There has been a lot of talk lately about the costs of public employee pensions and whether governments have set aside enough money to make good on their promises.
Concerns are real — and growing — about these retirement benefits and what must be done to honor the obligations if enough money is not available to cover the benefits public employees have been promised.
When local and state governments have not set enough money aside to adequately fund pension obligations, the conversation very quickly turns to whether making up for the shortfall could mean tax increases, service reductions, or cuts in retirement benefits.
To best understand the size and impact of your government’s pension liability, you should find out what type of pension plan your government offers and its current pension obligations and funded status.
New Standards Offer Transparency
In an effort to equip interested parties with the tools they need to evaluate government pension benefits, new pension standards issued by the Governmental Accounting Standards Board (GASB)—which are set to take effect in 2014— will require state and local governments to plainly show their net liability for pension benefits on the face of the financial statements, alongside other liabilities. The GASB is the independent group that sets accounting and financial reporting standards for U.S. state and local governments.
Under the new standards, anyone interested in pension information will be better able to assess a government’s overall financial picture as it relates to pensions by helping them evaluate such questions as: What pension promises has my government made?
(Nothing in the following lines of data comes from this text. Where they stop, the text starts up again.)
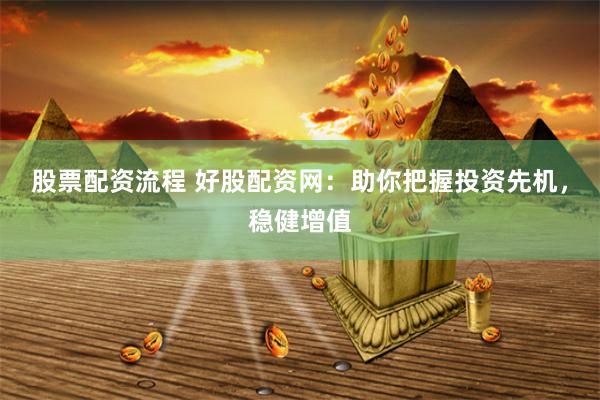 股票配资流程 好股配资网：助你把握投资先机，稳健增值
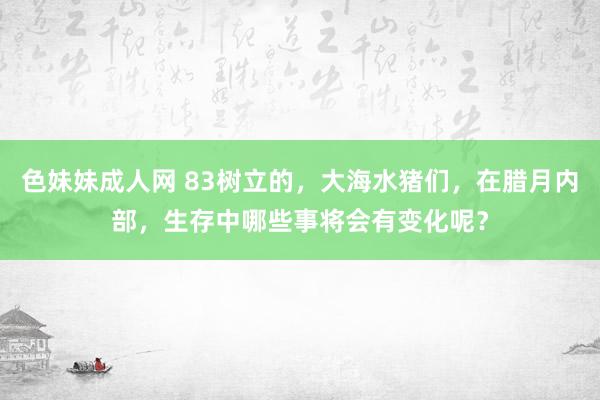 色妹妹成人网 83树立的，大海水猪们，在腊月内部，生存中哪些事将会有变化呢？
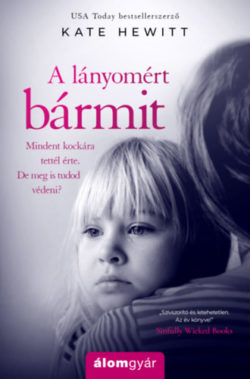 A lányomért bármit - Kate Hewitt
How much is it obligated to pay? How is my government doing compared to other communities?
Where to Find This Information
While governments are becoming familiar with and preparing for the new financial reporting standards, there are steps that taxpayers and public employees can take to better understand their governments’ financial obligations:
• Contact your government officials: Ask how your elected officials are preparing for the changes and how they will address funding pension benefits.
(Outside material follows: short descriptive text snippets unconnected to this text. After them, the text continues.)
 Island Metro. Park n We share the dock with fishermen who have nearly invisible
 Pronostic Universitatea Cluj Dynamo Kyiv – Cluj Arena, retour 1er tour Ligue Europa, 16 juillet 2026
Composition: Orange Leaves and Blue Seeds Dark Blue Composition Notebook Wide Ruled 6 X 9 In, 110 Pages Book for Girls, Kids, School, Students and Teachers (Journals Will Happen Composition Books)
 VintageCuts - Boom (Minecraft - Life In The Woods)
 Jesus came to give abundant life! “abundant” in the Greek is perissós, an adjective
• Get talking: Talk to friends, neighbors, and colleagues and share what you know. Find out how pension funding issues may affect the future of your community.
• Stay Informed: As a citizen, you can access pension information on your own through Internet searches or government websites that provide access to local financial reports.
Whether local and state governments are prepared to pay promised pension obligations now and in the future are issues that will affect every taxpayer.